A volcano is essentially a gap in Earth’s crust where the surface is connected to chambers of liquid rock below. Earth’s crust is composed of tectonic plates that sit on top of hotter, softer rock in the mantle. Volcanoes most often occur at the boundaries where plates meet. This happens on land but there are also many underwater volcanoes, some of which are very large. There are also volcanoes, including those in Hawaii, that sit in the middle of tectonic plates. It is thought that these are connected to the mantle by 3000 km deep chimneys of liquid rock called mantle plumes.
According to the US Geological Society, there are about 1500 potentially active volcanoes on land. There are always dozens of them erupting. In 2020, more than 60 volcanoes have erupted or continued to erupt.
Volcano are perhaps best known because of the dangers they present. Streams of lava can burn up and destroy anything in their path. While explosions can inject huge quantities of ash into the atmosphere. It is thought that huge bouts of volcanic eruptions in the ancient past clogged up the atmosphere, changing the climate in drastic ways that precipitated major extinction events.
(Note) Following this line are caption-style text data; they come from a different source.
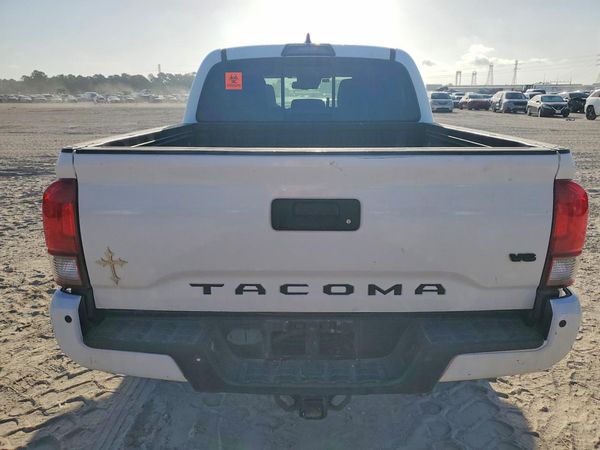 2018 TOYOTA TACOMA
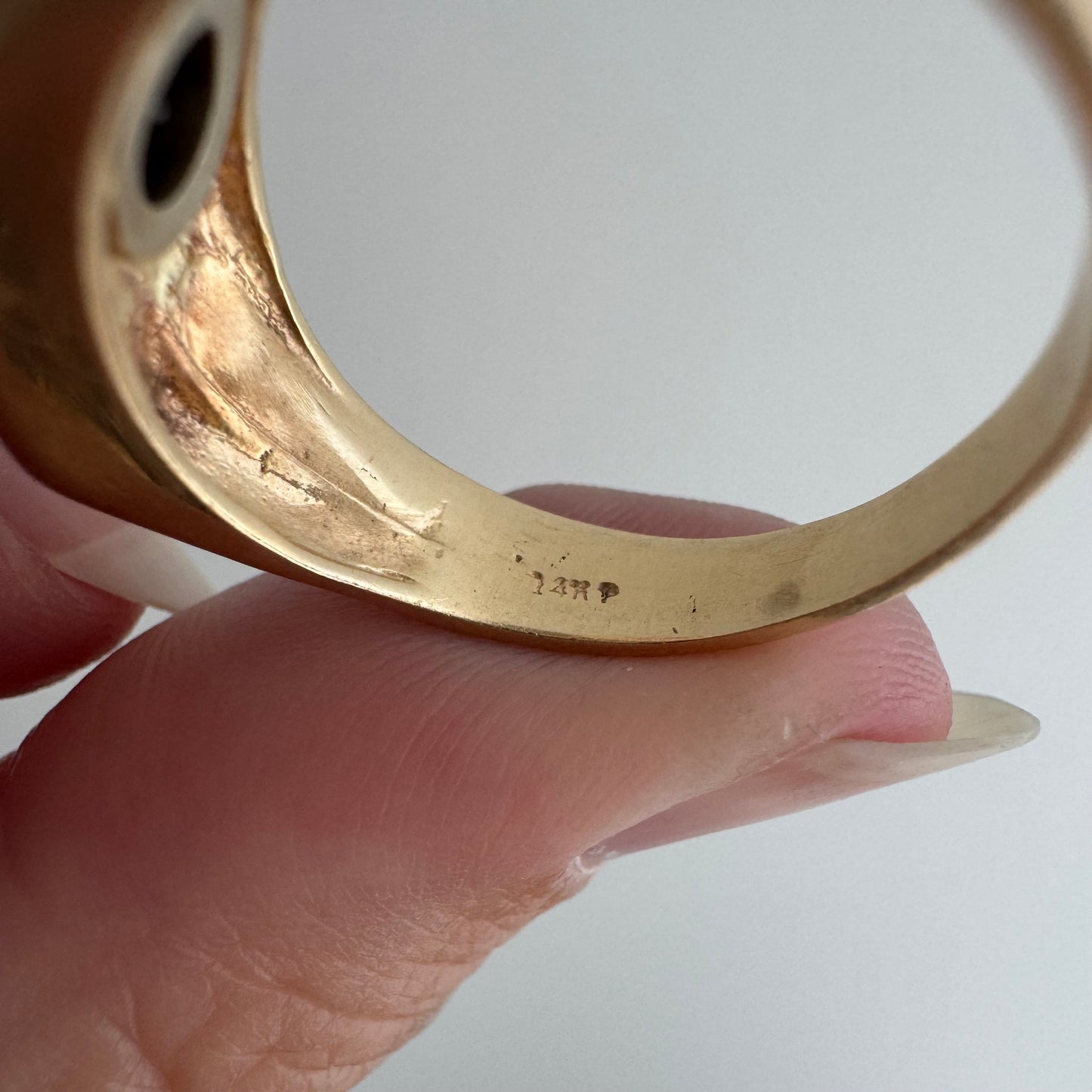 P R E - L O V E D // side eye / 14k and black diamond solitaire stacking shadowbox ring / size 8.25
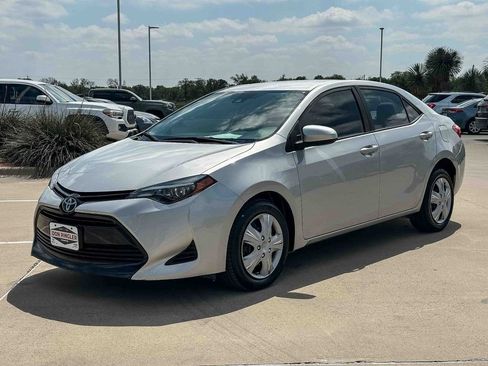 Used 2019 Toyota Corolla LE image 7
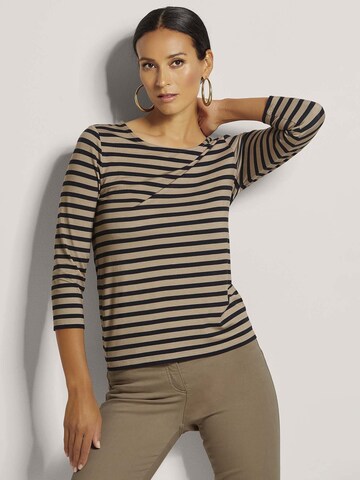 T-shirt MADELEINE en noir : devant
There are also volcanoes on other worlds in the solar system. Olympus Mons on Mars is an extinct volcano. Meanwhile, Io, a moon of Jupiter, is the solar system’s most geologically active world with more than 400 active volcanoes surrounded by pools of bubbling rock. We have also found plenty of evidence of ice volcanoes, including on Pluto, which erupt not rock but compounds that would typically be liquids or gases on earth, such as water and ammonia.